The Battle of Devil's Backbone, Arkansas - Mountain Fight for Fort Smith

As Union troops surged into Fort Smith on the morning of September 1, 1863, General James G. Blunt ordered his cavalry to pursue the retreating soldiers lead by Confederate General W.L. Cabell.

The Confederates were falling back on the Waldron Road, having evacuated Fort Smith without a fight, and appeared to be in full flight. Following Blunt's orders, Union Colonel William F. Cloud led the 2nd Kansas and 6th Missouri Cavalries, along with two sections from Rabb's Indiana battery, down the road leading to Jenny Lind and Waldron.

The Federals skirmished with Cabell's rear guard at Jenny Lind, sending the Confederate horsemen into a rapid retreat. What Cloud didn't know as he stormed after them, however, was that it was all part of a trap planned by the Southern general. Knowing that the Union commander would think he had the Confederates on the run and was closing in on the rear of their column, Cabell prepared an ambush where the Waldron Road crossed the Devil's Backbone, an abrupt mountain ridge that runs east to west across the horizon south of Fort Smith.

As Cloud and his horsemen rode up to the foot of the ridge, intent on catching their prey, the hunter suddenly became the hunted. The Union troopers road into a deadly trap and were ambushed by the Confederates of Monroe's Regiment who were hidden at the bottom of the Backbone:

The enemy formed in a dense growth of small timber and brush, and when our scouts came up, they let them pass through without firing a gun, but when Company C came up, they opened upon them a very heavy volley of infantry in two columns. Your son (Capt. E.D. Lines, 2nd Kansas) was killed at that time. He was in the extreme advance, (as was his custom,) and was shot by a Minnie ball, through the bowels and liver.

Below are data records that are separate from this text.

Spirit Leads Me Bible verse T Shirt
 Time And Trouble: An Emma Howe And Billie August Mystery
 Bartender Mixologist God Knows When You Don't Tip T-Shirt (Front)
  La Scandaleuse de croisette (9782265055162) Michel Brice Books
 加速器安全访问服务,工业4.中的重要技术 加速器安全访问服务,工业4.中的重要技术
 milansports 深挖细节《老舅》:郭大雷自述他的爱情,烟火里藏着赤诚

Following the ambush, the Battle of Devil's Backbone raged for three hours. The two forces engaged in a severe artillery duel that damaged nerves far more than it did bodies. The Confederates held their own and appeared to be on the verge of prevailing when the cannon fire finally slowed. To his shock and dismay, however, General Cabell watched as his army virtually disintegrated around him.

Not under immediate attack and having fought well so far, the Confederate lines suddenly collapsed and soldiers streamed down the backside of the ridge. Cabell could do nothing but withdraw his remaining intact units and fight a rear guard action as he pulled back to Waldron. The loss of the fight at Devil's Backbone ended his hopes of defeating the Union army in detail and retaking Fort Smith.